The first two quotations above, the latter one from the main subject of this article, hardly seem to go together. The first is a ringing phrase from an early revisionist, David Cole, who made a fascinating video of Auschwitz from the revisionist perspective,5 but who later disappeared from the scene. Since then he has kept appearing and disappearing. He achieved quite a bit, even if this later led to others making bigger breakthroughs.

The second quotation comes from the person who is probably the leading revisionist in the world in relation to the Holocaust, namely Germar Rudolf. The terms of the quotation hardly seem to signal a successful future, and for a long time all of his prospects seemed in grave doubt. But, he carried on battling and in terms of the quality of the evidence he has produced in support of revisionism, he has triumphed, whether or not that is recognized on all sides.
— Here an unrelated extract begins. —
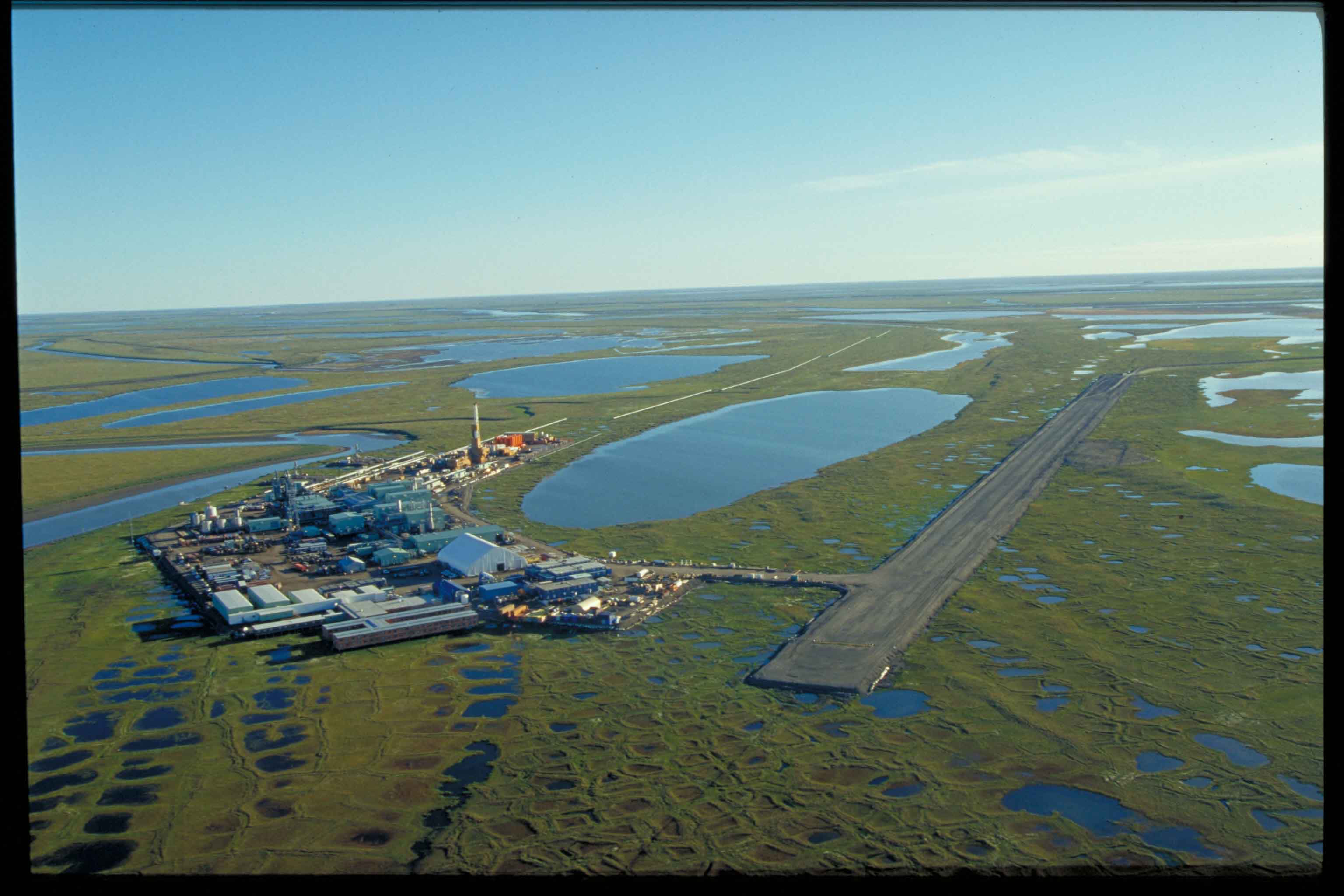 Alaska tundra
The third quotation, from Professor Walter Nagl, captures what Germar Rudolf is really about. No loud emotional appeals, but guilt replaced by rationality. Evidence, objectivity, and reasoned analysis are at the heart of his writings. This article will reflect on this and attempt to review his work. This is a daunting task and cannot be done anywhere near in full in just one article. Rudolf’s writings are massive in quantity and, it is submitted, excellent in quality.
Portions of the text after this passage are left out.